Wednesday, October 2, 2013

In the United States there are several citation styles, but I learned Chicago, Turabian, and MLA (Modern Language Association). There are long manuals published for any type of situation: a book with two authors, a book with an editor, a book with an editor AND translator, an oral interview, a radio show, a movie clip. With the advent of the internet new standards had to be created, but all of them more or less require the same thing: name of the creator, name of the site, name of the institution affiliated with the site, date of access, and web address. So for example, this would be cited in Chicago style as:

Plait, Phil. "Why Is Vesta Groovy?" Bad Astronomy, October 1, 2013. Accessed October 2, 2013. http://www.slate.com/blogs/bad_astronomy/2013/10/01/asteroid_vesta_grooves_indicate_it_may_be_more_planet_like.html

When I first learned these methods something immediately came to mind: link decay. I know why they add the access date: to say when the writer looked at the page and to show how it could've changed since then. But then again, what if the website doesn't exist at all? Scholars put a lot of emphasis on footnotes because that's what proves your point, and I feel they spend more time glancing at the bottom of the page than your actual article. People ask me where I get my books from; well, I just saw what another author cited and then borrowed it from the library to see what he was talking about.

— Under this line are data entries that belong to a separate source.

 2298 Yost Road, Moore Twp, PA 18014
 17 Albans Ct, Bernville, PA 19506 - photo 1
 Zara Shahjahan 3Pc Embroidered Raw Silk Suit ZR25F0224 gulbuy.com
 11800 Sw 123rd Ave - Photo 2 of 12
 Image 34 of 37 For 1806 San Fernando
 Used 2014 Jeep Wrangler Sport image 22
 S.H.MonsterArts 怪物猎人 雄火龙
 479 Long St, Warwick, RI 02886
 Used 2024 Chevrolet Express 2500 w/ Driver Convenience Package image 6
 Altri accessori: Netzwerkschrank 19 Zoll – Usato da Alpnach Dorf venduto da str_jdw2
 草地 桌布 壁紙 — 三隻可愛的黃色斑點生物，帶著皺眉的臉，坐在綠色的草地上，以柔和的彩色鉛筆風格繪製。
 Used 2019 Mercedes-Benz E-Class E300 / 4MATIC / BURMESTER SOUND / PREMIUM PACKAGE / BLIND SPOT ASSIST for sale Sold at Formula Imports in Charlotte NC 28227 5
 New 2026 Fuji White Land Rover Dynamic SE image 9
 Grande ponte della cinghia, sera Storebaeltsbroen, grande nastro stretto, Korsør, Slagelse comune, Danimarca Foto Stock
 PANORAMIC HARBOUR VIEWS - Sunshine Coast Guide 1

But websites are constantly changing. The author I cited, Phil Plait, is famous in the science community not only for making astronomy accessible for laymen like myself but also for pushing inoculation, science education, and global warming, and I'm certain plenty of students have cited him at some point. About a year ago, Plait moved from Discovery Magazine to Slate. Currently Discovery is keeping his archive on their site, but who knows how long that'll last? Later on when someone reads a student's dissertation and sees a link to Plait's blog, will that article still be there?

It seems my misgivings were correct. A few days ago The New York Times released an article saying 49% of the linked citations for the Supreme Court decisions no longer exist. And the internet is relatively new. Does that mean about half a century from now we'll look at the Supreme Court and have no fucking idea why the hell they argued a certain way and only have a link to something like "/dogs-on-virgin-pussy.html?" You just sit there and wonder what the fuck was on that website that changed the course of American law?

It's not just the Supreme Court. Everything coming out of the academic world is at risk. We have things like the Internet Archive which is trying to keep a library of all the information we spew out, but no one's citing that nor can it keep up with every comment on every video that may be mentioned. This is a serious problem that the academic world needs to address as we become more reliant on the information age.

Does anyone else besides me find it ironic that I linked to shit that too may decay in a few years? That was part of the problem with my Xanga; I'd write about something and there'd be all these comments, but the link to what I was talking about didn't exist anymore.